It is quite clear from this graph that you are more likely to have your content shared on Facebook, Pinterest, Linkedin, Twitter, and Google+ if you content is over 3,000 words, rather than 1,000 words or less.
This flies in the face of common thought that we are only motivated to share, short, snacksized bits of content. It is not what the data is telling us.
“As you can see in the graph, 3000+ word articles get more social shares on Facebook, Pinterest, Linkedin, Twitter and Google+.”
The Backlinking Strategy That Works
Patt Flynn has also noticed a relationship between shares and content length.
In Garrett Moon’s research for Coschedule.com he found that content with a higher number of words ranked higher in Google.
“Yes, it’s true. Long-form content ranks higher on average than shorter pages. In my results, the pages in the top five (1-5) averaged more than 2,000 words per page. In the bottom half (6-10), the posts only averaged 1,400 words. Long-form content was absolutely weighted to the top of the list.”
Neil Patel of Kissmetrics and Crazy Egg likes to get data driven answers in this blog post investigating the merits of long form content, Why you need to create evergreen, long form content
“I took the 327 blog posts I have written on Quick Sprout and broke them down into two buckets. The first bucket contained blog posts that were fewer than 1,500 words, and the second contained posts that were greater than 1,500 words. I then analyzed how many tweets and Facebook likes each post got.
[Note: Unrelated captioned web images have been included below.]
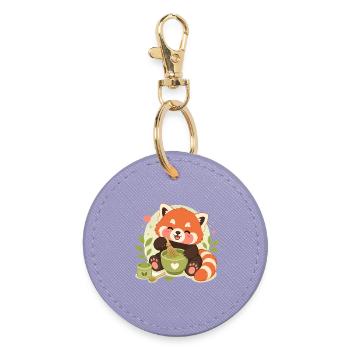 Red Panda Matcha Love - Round Keyring - lavender - Front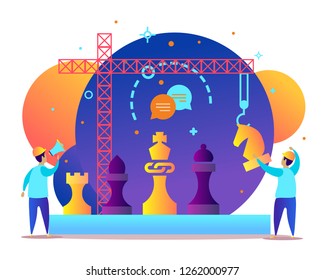 Concept of problem solving, strategy building, development flat design gradient illustration
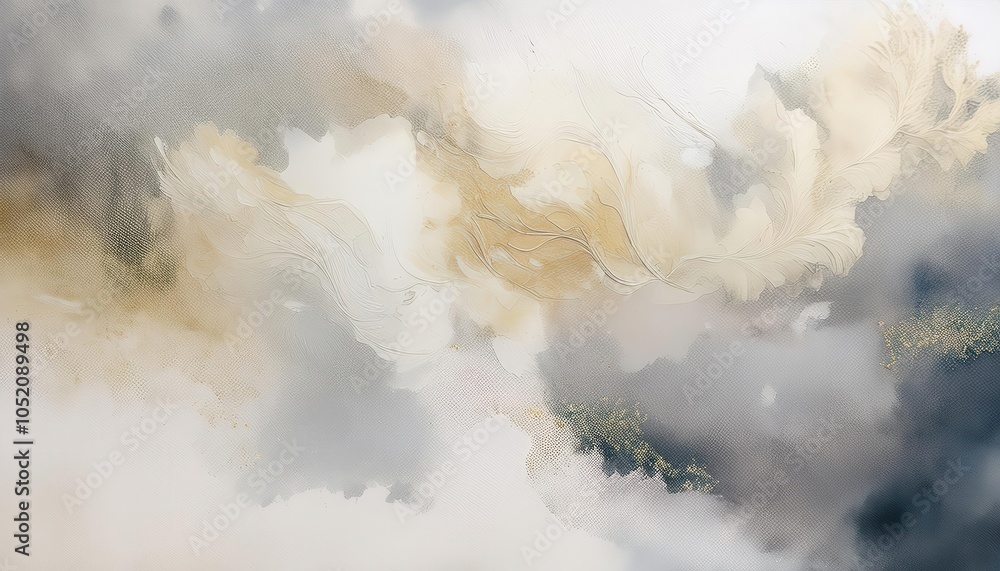 Aufkleber dreamy abstract background with soft feathery textures, golden highlights, and cloud like swirls in 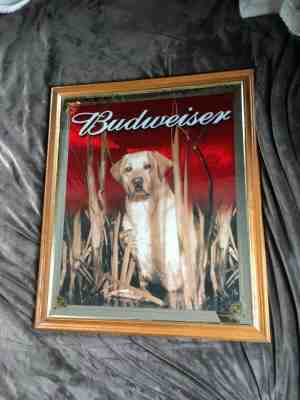 Budweiser Hunting Dog Mirror, Yellow Labrador, Vintage & Very Rare Lab, 29x34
Posts that were under 1,500 words, on average received 174.6 tweets and 59.3 Facebook likes. Posts that were over 1,500 words, on average received 293.5 tweets and 72.7 Facebook likes.”
A word about causation. We are not stating that long content causes more links and higher ranking, but we are suggesting that there is a correlation between the two, it has been my belief that this has been for case for a number of years.
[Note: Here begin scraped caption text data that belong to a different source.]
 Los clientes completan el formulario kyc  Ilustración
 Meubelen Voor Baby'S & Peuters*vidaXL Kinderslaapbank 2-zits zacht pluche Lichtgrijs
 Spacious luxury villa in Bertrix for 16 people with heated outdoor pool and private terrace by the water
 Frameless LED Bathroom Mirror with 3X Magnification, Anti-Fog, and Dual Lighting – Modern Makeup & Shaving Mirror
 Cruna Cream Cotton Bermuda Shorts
However, we have a number of factors at work here, the main one is the person who actually reads the content and then reacts. Something is happening to cause them to be more likely to socially share the content or link, size of the content may be a factor, but the content must be coherent and resonate with the reader. It must engage.
Semantic footprint vs the keyword
Google introduced a new algorithm called, Hummingbird in 2013. Danny Sullivan of Searchengineland.com said,
“Google said that Hummingbird is paying more attention to each word in a query, ensuring that the whole query — the whole sentence or conversation or meaning — is taken into account, rather than particular words. The goal is that pages matching the meaning do better, rather than pages matching just a few words.”
That Google is using the “meaning” of the whole article rather than a specific searched for keyword means that more semantically relevant content is going to help Google determine the relevance of that search term for your content.
It’s not as simple as “more is better”. It’s that more relevant, useful content is better.
If we look at it simplistically, what does a 500 word post have that a 3,000 word post does not? The answer is ease of consumption, it’s quick for the reader. But speed of reading is not the objective of the publisher, we want to produce a reaction. If a reader’s objective is to read and consume a blog post quickly, then they are quickly on to the next thing.
The problem is, most publishers see their content in isolation rather than a sequence of content from numerous other publishers.
Each piece of content consumed by the reader is battling for time in the consciousness, ready for downloading into the subconscious.
Which brand do you think is going to stick more, the brand of the content that took 2 mins to read or the brand which had the content that took two 15 minute sessions to get through?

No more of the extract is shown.